Now that Wasmtime has no-std support, it becomes a possible alternative for the platform WASM runtime. This task should track the feasibility of using Wasmtime, since many roadblocks are expected (page size, memory and binary footprint, supported target architectures, releasing control flow, etc).

In particular, we should try to use Pulley.

[ia0]

There was recent developments on bytecodealliance/wasmtime#7311. I tried to use Pulley on Nordic on the wasm-bench crate (see #753). It seems the generated Pulley bytecode is 34 times larger than the Wasm bytecode (it's an ELF file). Besides, it seems Wasmtime needs to copy it to RAM, which is another issue.

[tschneidereit]

Thank you for starting a conversation about this in the BA's Zulip, @ia0! <3 As @alexcrichton said over there, we'll gladly help out with making Wasmtime a viable option however we can.

Alex already filed two issues[1, 2], which should address the issues with Pulley bytecode size, and having to have the bytecode in RAM.

Besides that, Alex also mentioned being able to reduce the size of the runtime itself, by removing the dependency on Serde. We know that there are other ways to shrink the binary size, but perhaps the biggest one might come from disabling a feature: SIMD support incurs a substantial size increase, because of how many opcodes need to be handled. Disabling that should shrink the interpreter meaningfully.

[ia0]

Thank you and Alex for the quick answers and follow-up!

Let me describe how WebAssembly is used in Wasefire and answer Alex's questions:

I realize that this may be a bit of a stretch, but if you're able to describe what your embedding does (or even better have a fork/project that can be built)

• Wasefire provides 2 APIs (the board API and the applet API) and a "scheduler" sitting between both.
• The board API is a hardware abstraction in Rust (board implementations and the scheduler are written in Rust). This API simplifies support for new embedded devices by just having to implement this API.
• The applet API is a system abstraction in WebAssembly (applets are Wasm modules and the scheduler is a Wasm runtime). This API provides applet portability across different embedded devices, think Embedded WASI except it's custom for now (API using Component Model or Embedded WASI #63).
• The scheduler is meant to run multiple applets concurrently, although currently only one applet can be installed (and executed) at a time. However, applets can be installed or updated dynamically (through a custom USB protocol).
• After considering Wasmtime, Wasmer, Wasmi, and Wasm3, I decided to write my own in-place interpreter¹. It differentiates itself from the rest with small binary size, small memory footprint, slow interpretation, returns control flow for host functions, and default function linking.
• There's also the option to link one native applet to the scheduler (bypassing WebAssembly). This is the another extreme in the design space (applet performance, applet sandboxing). Ideally Wasmtime would provide yet another point in the design space (applet performance/sandboxing, scheduler flash and RAM footprint and limited applet binary portability).
• I'm doing Wasm runtime experiments in crates/wasm-bench. This benchmark uses the minimal CoreMark from Wasm3, and it's really just to get orders of magnitude (or even answer feasibility questions).
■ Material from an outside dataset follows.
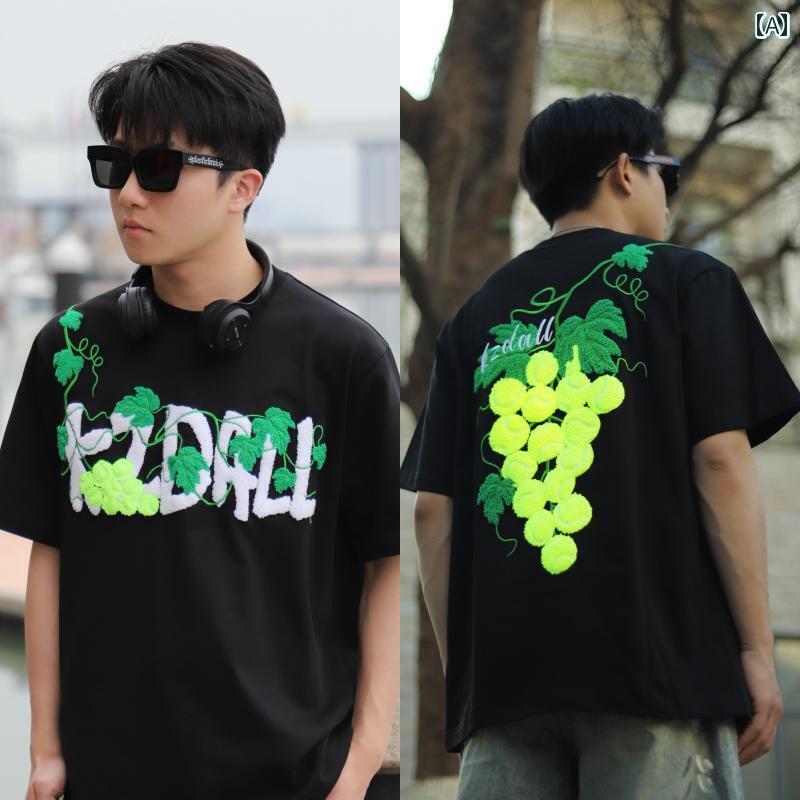 Tシャツ　メンズ　おしゃれ KZDALL ブドウ テニス タオル 刺繍 半袖 Tシャツ 夏 アメリカン ストリート ゆったり カジュアル 男女兼用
We know that there are other ways to shrink the binary size, but perhaps the biggest one might come from disabling a feature

I always use default-features = false and enable only what I use, so I'm already expecting to use the minimum set of Wasmtime features.

and/or describe what the wasm is doing (or even better share a sample wasm) that'd be awesome.

Applets use less than the WebAssembly MVP. The current interpreter doesn't even support SIMD. It also has optional floats (disabled by default). If you want to check some actual wasm modules, you can run cargo xtask applet rust NAME where NAME is the name of the applet and is just a crate at path examples/rust/NAME/Cargo.toml. This will produce target/wasefire/applet.wasm (and applet.wasm.orig in the same directory before wasm-strip and wasm-opt). The biggest example so far is opensk. Note that you can also use cargo xtask --release applet rust opensk (to remove debug printing support) or cargo xtask --release applet rust opensk --opt-level=z to optimize for size.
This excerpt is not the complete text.